1589 Oct 4, Francisco de
Cuellar, a Spanish Armada officer from the wrecked galleon Lavia,
wrote a letter from Antwerp to King Philip that was later valued for
its descriptions of Ireland. He had spent 6 months evading English
forces to get to Scotland where after 6 more months he reached the
Netherlands.
(ON, 5/02, p.12)
1589 Michelangelo Merisi de
Caravaggio, Italian artist and leader of the Naturist movement, made
skilful use of light in his Bacchus to bring into focus many details
of suggestive power. He painted the "Beheading of St. John" that was
kept in Malta and sent to Florence for restoration.

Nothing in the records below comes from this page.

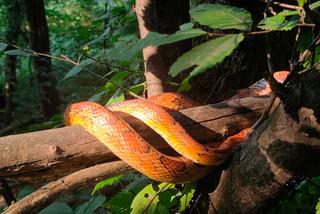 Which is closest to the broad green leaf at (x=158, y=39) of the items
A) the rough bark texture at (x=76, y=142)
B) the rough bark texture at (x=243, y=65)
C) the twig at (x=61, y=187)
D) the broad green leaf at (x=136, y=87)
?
the rough bark texture at (x=76, y=142)

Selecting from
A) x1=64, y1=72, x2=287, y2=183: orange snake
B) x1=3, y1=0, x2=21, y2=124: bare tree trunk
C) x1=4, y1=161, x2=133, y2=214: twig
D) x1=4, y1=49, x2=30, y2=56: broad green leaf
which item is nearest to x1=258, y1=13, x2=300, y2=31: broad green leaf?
x1=64, y1=72, x2=287, y2=183: orange snake

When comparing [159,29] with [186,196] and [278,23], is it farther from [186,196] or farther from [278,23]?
[278,23]

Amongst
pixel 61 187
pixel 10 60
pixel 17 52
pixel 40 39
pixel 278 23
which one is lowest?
pixel 10 60

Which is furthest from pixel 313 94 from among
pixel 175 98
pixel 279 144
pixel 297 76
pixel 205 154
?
pixel 175 98

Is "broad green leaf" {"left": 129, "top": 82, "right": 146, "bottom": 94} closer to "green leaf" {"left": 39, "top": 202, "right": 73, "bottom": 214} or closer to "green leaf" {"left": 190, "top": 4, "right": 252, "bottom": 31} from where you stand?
"green leaf" {"left": 39, "top": 202, "right": 73, "bottom": 214}

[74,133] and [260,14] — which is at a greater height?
[260,14]

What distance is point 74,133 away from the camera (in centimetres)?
179

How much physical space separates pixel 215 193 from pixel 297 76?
32.7 inches

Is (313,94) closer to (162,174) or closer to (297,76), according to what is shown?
(297,76)

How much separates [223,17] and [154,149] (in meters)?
1.11

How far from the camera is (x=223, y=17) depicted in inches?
36.0

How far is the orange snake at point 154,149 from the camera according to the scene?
1.88 meters

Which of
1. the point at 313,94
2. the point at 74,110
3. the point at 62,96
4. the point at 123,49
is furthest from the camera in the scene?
the point at 62,96

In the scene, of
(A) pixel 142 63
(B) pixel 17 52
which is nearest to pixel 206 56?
(B) pixel 17 52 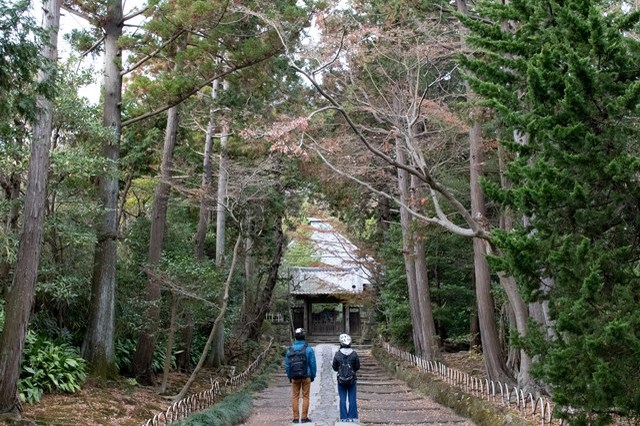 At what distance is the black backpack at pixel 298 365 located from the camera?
8125 mm

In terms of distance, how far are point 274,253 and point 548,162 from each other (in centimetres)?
1812

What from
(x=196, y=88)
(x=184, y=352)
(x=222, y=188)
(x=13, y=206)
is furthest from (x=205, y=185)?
(x=13, y=206)

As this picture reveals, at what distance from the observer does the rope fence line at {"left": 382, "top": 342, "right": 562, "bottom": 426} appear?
7.09m

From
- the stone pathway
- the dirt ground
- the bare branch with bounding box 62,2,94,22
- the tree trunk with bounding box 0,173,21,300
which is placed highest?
the bare branch with bounding box 62,2,94,22

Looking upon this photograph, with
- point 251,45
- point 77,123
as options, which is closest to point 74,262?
point 77,123

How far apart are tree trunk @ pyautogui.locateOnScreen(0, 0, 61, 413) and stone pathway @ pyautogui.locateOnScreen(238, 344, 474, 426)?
3713 millimetres

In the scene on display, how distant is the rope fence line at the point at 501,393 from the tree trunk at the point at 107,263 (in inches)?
257

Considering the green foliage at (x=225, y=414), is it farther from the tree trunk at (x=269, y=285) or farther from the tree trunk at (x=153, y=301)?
the tree trunk at (x=269, y=285)

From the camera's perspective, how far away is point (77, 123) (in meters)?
10.2

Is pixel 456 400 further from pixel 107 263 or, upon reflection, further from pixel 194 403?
pixel 107 263

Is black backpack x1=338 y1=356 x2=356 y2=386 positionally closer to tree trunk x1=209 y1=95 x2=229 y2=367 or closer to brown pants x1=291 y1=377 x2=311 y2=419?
brown pants x1=291 y1=377 x2=311 y2=419

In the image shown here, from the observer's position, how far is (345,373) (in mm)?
8258

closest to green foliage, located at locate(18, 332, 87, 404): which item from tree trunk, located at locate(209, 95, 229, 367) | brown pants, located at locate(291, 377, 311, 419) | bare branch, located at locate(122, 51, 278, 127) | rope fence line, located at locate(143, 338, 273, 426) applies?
rope fence line, located at locate(143, 338, 273, 426)

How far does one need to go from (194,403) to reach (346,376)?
3.02 m
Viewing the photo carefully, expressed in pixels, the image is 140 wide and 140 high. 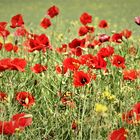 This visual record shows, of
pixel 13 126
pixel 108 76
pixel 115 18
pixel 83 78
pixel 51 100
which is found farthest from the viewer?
pixel 115 18

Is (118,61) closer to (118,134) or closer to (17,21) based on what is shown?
(118,134)

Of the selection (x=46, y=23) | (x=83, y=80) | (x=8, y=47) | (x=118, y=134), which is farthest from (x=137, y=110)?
(x=46, y=23)

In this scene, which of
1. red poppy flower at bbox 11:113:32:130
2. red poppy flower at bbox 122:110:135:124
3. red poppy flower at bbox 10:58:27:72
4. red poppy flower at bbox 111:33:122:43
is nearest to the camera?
red poppy flower at bbox 11:113:32:130

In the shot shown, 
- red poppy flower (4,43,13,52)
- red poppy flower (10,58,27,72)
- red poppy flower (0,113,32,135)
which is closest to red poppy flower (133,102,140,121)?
red poppy flower (0,113,32,135)

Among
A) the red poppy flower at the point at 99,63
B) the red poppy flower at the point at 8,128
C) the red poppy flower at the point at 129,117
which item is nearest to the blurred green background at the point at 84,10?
the red poppy flower at the point at 99,63

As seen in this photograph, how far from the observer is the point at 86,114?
288cm

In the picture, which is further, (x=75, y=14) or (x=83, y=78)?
(x=75, y=14)

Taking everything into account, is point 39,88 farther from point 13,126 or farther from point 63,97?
point 13,126

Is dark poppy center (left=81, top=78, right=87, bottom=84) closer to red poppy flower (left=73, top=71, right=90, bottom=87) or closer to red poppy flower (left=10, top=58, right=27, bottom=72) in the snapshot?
red poppy flower (left=73, top=71, right=90, bottom=87)

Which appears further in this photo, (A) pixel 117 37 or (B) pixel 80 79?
(A) pixel 117 37

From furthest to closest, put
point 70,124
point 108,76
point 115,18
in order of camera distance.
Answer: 1. point 115,18
2. point 108,76
3. point 70,124

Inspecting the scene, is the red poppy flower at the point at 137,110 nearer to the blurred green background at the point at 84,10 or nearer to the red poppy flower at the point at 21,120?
the red poppy flower at the point at 21,120

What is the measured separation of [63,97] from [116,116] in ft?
1.19

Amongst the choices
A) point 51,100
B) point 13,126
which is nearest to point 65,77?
point 51,100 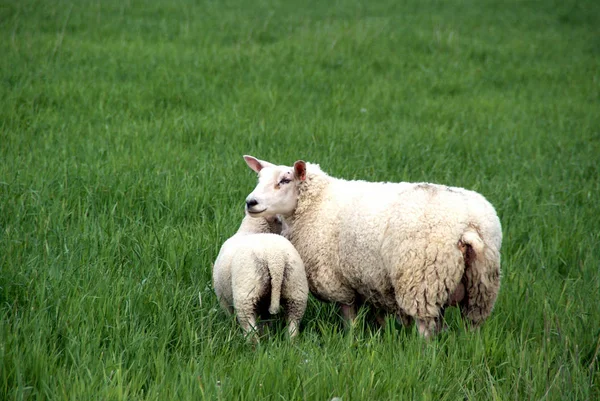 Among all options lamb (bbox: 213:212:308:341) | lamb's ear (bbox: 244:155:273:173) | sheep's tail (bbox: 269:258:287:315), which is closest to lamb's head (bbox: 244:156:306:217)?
lamb's ear (bbox: 244:155:273:173)

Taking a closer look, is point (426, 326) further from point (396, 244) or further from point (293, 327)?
point (293, 327)

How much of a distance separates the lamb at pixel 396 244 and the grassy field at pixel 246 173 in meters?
0.19

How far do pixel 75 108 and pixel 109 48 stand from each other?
2510mm

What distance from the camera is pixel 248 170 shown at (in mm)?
5855

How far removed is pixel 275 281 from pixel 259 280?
0.08m

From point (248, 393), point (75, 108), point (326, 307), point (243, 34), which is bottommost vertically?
point (326, 307)

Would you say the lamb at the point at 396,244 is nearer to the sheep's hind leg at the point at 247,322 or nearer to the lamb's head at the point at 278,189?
the lamb's head at the point at 278,189

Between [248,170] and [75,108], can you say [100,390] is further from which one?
→ [75,108]

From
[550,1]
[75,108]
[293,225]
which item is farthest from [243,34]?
[550,1]

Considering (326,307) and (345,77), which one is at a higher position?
(345,77)

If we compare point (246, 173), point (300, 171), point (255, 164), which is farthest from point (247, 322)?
point (246, 173)

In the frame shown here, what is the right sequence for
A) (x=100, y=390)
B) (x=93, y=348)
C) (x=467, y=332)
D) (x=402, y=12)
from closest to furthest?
(x=100, y=390)
(x=93, y=348)
(x=467, y=332)
(x=402, y=12)

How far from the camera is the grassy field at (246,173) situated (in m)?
3.02

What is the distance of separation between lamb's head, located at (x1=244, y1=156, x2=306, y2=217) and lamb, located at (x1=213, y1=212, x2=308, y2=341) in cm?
45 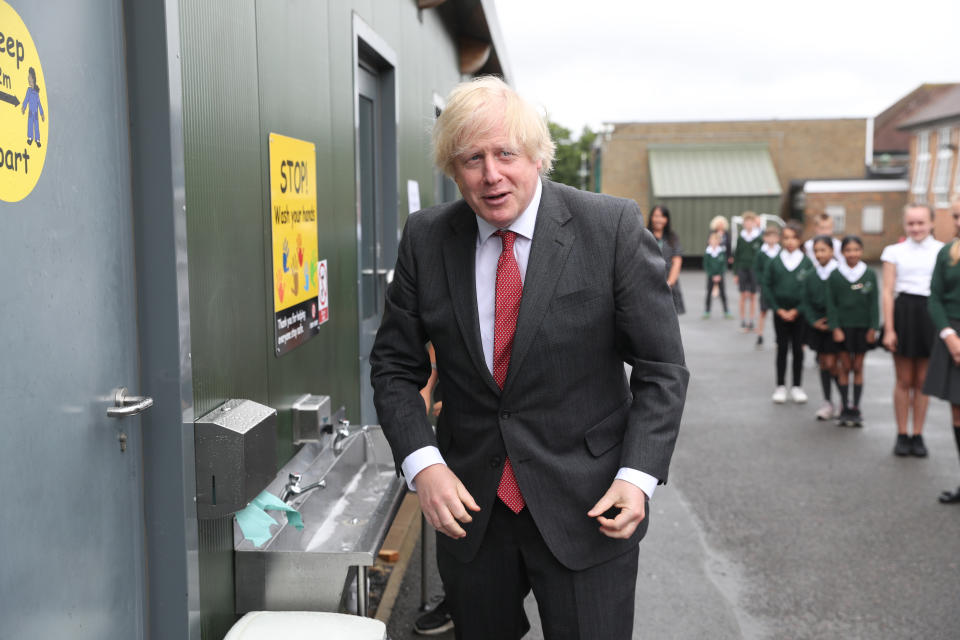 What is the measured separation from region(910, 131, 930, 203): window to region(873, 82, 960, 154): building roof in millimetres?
23721

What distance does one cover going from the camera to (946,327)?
20.5ft

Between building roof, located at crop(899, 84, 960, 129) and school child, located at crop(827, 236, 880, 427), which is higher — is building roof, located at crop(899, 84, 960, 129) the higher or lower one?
the higher one

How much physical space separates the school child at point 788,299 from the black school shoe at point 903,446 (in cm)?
186

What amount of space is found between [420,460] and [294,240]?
5.50 feet

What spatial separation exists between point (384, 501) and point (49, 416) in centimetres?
160

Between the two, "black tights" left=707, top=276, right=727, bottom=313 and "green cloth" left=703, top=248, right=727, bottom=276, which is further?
"black tights" left=707, top=276, right=727, bottom=313

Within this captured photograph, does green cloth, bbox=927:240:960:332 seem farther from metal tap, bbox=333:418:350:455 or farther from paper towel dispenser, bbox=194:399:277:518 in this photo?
paper towel dispenser, bbox=194:399:277:518

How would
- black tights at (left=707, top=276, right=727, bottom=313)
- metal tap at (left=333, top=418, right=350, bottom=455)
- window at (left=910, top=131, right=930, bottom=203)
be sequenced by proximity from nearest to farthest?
metal tap at (left=333, top=418, right=350, bottom=455) < black tights at (left=707, top=276, right=727, bottom=313) < window at (left=910, top=131, right=930, bottom=203)

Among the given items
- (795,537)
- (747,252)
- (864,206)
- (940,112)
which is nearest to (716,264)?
(747,252)

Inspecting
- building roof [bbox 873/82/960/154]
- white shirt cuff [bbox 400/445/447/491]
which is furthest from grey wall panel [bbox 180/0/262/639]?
building roof [bbox 873/82/960/154]

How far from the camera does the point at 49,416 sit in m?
2.07

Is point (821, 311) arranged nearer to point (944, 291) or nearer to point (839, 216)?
point (944, 291)

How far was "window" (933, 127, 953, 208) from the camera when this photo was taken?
35.7m

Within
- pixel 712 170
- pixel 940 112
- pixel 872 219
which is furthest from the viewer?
pixel 712 170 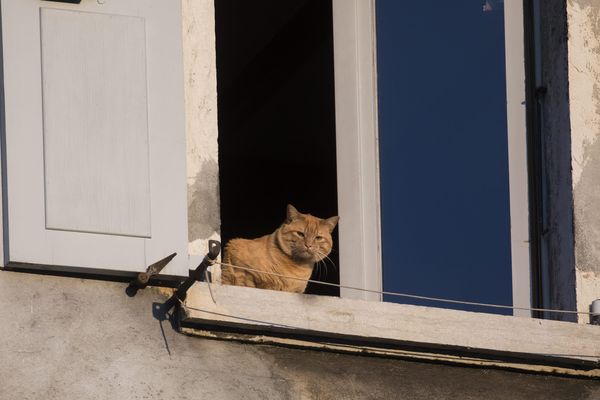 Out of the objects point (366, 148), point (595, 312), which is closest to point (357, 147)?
point (366, 148)

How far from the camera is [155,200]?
5156 millimetres

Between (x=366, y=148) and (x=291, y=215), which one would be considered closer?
(x=366, y=148)

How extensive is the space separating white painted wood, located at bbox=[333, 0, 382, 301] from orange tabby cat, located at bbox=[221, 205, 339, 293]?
0.44 meters

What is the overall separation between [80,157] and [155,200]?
0.89 feet

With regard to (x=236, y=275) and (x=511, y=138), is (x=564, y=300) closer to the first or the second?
(x=511, y=138)

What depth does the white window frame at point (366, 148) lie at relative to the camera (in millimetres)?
6027

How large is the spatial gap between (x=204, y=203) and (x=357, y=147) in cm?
90

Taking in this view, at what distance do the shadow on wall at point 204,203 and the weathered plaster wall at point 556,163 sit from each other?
1325 millimetres

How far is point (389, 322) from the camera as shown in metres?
5.37

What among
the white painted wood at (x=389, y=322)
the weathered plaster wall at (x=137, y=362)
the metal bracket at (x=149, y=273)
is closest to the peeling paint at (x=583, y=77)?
the white painted wood at (x=389, y=322)

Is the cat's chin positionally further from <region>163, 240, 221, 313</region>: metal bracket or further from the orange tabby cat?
<region>163, 240, 221, 313</region>: metal bracket

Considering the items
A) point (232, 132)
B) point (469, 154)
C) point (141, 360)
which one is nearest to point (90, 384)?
point (141, 360)

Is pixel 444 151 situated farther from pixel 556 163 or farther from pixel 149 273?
pixel 149 273

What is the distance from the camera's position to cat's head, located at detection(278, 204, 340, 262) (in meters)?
6.80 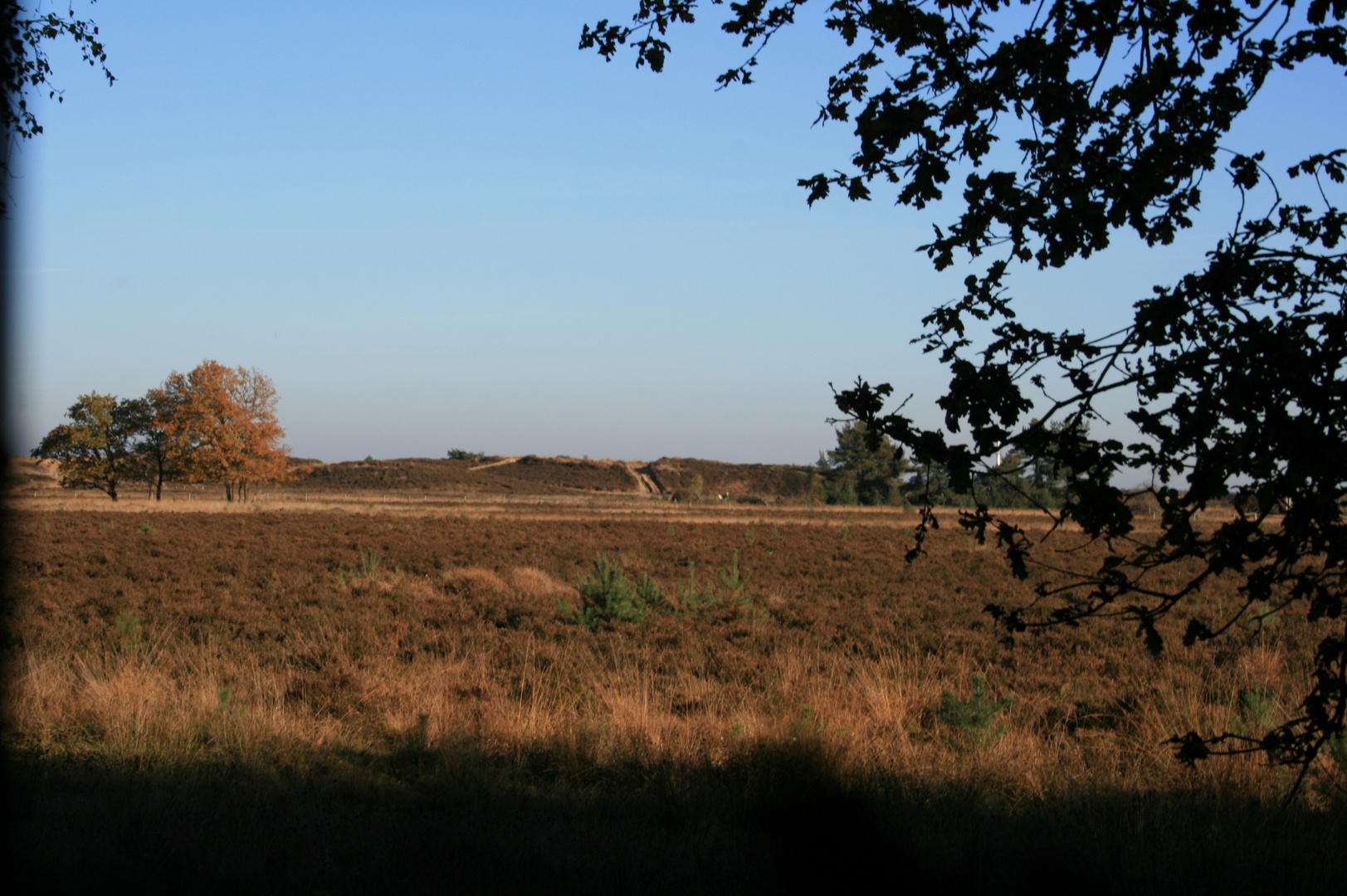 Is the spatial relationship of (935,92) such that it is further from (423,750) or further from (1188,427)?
(423,750)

(TL-MB, 1988, p.24)(SFC, 6/11/96, p.E2)
1589 Thomas Nashe, English
satirical pamphleteer and dramatist, wrote "Anatomie of
Absurdities," a criticism of contemporary literature.
(TL-MB, 1988, p.24)
1589 Richard Hakluyt wrote the
"Principle Navigations, Voyages and Discoveries of the English
Nation."
(TL-MB, 1988, p.24)
1589 Thoinot Arbeau published
"Orchesographie," an early treatise on dancing, with tunes.
(TL-MB, 1988, p.24)
1589 Francis Drake with 150
ships and 18,000 men failed in his attempt to capture Lisbon.
(TL-MB, 1988, p.24)
1589 Bernard Palissey, a
Huguenot, expressed the opinion that fossils were the remains of
living creatures. He was locked up in the dungeons of the Bastille
for his opinions and died there.
(SFC, 9/20/97, p.E3)
1589 William Lee, English
clergyman, invented the stocking frame, the first knitting machine.
(TL-MB, 1988, p.24)
1589 Sir John Harrington,
Elizabethan poet, designed the first water closet and installed it
at his country house near Bath. In 1596 he installed one at the
palace of his godmother Queen Elizabeth I.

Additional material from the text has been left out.